2

I want to query nodes from a XOM document which contains certain value but case insensitive. Something like this:

doc.query('/root/book[contains(.,"case-insentive-string")]')

But it contains is case sensitive.

  1. I tried to use regexes, but it is only XPATH2.0 and XOM does not seem to support it.
  2. I tried contains(translate(."ABCEDF...","abcdef..."),"case-insentive-string")]' failed too.
  3. I tried to match subnodes and read parent attributes using getParent, but there is no method to read parents attributes.

Any suggestions ?

millebii
  • 1,277
  • 2
  • 17
  • 27

2 Answers2

2

2.I tried contains(translate(."ABCEDF...","abcdef..."),"case-insentive-string")]' failed too.

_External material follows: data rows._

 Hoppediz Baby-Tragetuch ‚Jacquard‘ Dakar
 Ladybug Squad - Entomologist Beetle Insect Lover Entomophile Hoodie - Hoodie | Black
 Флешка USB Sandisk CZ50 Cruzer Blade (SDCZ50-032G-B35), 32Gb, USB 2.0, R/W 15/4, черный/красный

The proper way to write this is:

/root/book[contains(translate(., $vUpper, $vLower),
                    translate($vCaseInsentiveString, $vUpper, $vLower)
                    )
          ]

where $vUpper and $vLower are defined as (should be substituted by) the strings:

'ABCDEFGHIJKLMNOPQRSTUVWXYZ'

and

'abcdefghijklmnopqrstuvwxyz'

and $vCaseInsentiveString is defined as (should be substituted by) the specific case-insensitive string.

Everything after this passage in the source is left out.